__What is being asked__.
Once you reach the line containing "Graphic Ringer Baby Tee" in the data below, restate each line word for word up to and including the one containing "Baby Girl Clothing Bundle - 3 Months".

(Records from a data collection)
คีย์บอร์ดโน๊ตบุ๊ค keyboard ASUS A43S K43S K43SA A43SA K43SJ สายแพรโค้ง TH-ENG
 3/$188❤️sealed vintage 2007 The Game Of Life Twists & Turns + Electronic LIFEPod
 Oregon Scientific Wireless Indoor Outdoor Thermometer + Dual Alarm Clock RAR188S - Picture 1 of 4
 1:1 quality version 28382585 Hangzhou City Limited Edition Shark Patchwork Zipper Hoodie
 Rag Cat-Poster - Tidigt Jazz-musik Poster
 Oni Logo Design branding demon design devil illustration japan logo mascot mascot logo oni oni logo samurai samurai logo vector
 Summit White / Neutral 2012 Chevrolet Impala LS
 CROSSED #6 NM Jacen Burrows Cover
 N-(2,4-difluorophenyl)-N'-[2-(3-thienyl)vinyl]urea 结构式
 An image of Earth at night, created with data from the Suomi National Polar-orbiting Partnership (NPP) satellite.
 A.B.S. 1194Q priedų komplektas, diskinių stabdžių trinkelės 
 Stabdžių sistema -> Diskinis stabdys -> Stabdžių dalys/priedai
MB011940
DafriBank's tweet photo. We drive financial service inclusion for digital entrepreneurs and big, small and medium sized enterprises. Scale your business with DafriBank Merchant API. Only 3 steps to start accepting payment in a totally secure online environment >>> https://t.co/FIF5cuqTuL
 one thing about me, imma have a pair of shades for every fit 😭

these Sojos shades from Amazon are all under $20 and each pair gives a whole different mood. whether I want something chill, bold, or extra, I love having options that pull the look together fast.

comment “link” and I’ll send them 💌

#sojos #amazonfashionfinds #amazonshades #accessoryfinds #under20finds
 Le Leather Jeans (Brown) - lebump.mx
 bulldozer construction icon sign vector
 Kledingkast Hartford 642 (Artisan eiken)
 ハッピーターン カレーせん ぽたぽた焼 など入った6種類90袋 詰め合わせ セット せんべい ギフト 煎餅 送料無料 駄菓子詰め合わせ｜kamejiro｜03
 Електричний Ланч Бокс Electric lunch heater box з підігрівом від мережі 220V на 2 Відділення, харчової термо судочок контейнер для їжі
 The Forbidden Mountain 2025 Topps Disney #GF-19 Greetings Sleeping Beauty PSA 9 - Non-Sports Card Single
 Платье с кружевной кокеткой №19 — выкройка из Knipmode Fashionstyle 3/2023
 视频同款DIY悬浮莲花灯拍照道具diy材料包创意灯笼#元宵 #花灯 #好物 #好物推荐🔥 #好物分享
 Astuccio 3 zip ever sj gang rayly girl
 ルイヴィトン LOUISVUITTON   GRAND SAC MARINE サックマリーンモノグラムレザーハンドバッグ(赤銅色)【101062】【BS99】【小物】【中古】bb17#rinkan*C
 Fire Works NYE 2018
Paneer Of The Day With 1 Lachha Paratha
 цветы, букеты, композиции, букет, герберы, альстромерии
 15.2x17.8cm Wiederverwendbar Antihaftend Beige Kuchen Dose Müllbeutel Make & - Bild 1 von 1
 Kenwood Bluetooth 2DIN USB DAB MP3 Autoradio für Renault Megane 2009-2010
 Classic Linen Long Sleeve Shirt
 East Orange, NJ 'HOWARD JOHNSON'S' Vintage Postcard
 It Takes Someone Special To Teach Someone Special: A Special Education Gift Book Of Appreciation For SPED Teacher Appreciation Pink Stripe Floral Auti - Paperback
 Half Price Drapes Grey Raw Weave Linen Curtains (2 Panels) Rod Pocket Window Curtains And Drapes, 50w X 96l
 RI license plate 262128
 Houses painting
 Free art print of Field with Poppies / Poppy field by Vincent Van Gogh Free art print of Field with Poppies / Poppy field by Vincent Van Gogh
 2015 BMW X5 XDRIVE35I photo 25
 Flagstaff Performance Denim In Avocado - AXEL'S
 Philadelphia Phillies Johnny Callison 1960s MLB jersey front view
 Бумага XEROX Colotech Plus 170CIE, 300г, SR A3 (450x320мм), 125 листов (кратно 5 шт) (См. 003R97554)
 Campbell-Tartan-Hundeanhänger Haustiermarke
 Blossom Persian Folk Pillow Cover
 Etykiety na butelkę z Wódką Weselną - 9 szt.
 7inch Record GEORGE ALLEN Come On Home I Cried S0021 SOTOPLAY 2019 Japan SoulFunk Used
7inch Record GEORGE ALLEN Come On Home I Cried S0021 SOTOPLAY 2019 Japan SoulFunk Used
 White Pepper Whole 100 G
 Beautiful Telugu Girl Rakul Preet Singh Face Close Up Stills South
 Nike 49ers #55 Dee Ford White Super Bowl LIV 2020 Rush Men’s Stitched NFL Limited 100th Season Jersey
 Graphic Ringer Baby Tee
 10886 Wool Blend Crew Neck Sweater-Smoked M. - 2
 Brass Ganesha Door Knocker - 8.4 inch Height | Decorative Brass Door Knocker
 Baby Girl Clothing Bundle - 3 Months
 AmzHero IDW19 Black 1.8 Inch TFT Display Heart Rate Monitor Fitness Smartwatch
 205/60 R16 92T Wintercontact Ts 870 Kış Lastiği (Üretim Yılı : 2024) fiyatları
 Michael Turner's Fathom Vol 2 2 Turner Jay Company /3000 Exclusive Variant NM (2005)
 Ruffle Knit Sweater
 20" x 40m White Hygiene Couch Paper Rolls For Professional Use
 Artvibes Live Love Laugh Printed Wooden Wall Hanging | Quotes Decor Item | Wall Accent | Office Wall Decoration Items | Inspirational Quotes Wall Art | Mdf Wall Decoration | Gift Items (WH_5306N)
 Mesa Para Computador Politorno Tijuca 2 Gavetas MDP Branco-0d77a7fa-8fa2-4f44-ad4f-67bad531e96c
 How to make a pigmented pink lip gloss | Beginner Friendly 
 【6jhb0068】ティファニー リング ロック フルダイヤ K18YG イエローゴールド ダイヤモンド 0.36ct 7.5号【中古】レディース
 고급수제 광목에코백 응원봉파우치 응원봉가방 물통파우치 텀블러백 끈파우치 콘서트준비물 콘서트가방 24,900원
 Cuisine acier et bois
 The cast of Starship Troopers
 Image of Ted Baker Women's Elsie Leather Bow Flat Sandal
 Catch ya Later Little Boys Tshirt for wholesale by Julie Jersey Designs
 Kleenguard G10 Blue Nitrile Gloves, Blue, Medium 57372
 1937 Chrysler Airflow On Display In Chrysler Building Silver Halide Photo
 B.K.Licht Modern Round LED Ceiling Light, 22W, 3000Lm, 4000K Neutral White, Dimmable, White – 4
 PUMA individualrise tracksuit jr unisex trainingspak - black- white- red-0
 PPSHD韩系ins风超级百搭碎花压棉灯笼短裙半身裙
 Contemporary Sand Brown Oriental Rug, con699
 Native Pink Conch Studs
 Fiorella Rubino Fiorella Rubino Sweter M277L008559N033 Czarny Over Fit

__Output of the exercise__.
 Graphic Ringer Baby Tee
 10886 Wool Blend Crew Neck Sweater-Smoked M. - 2
 Brass Ganesha Door Knocker - 8.4 inch Height | Decorative Brass Door Knocker
 Baby Girl Clothing Bundle - 3 Months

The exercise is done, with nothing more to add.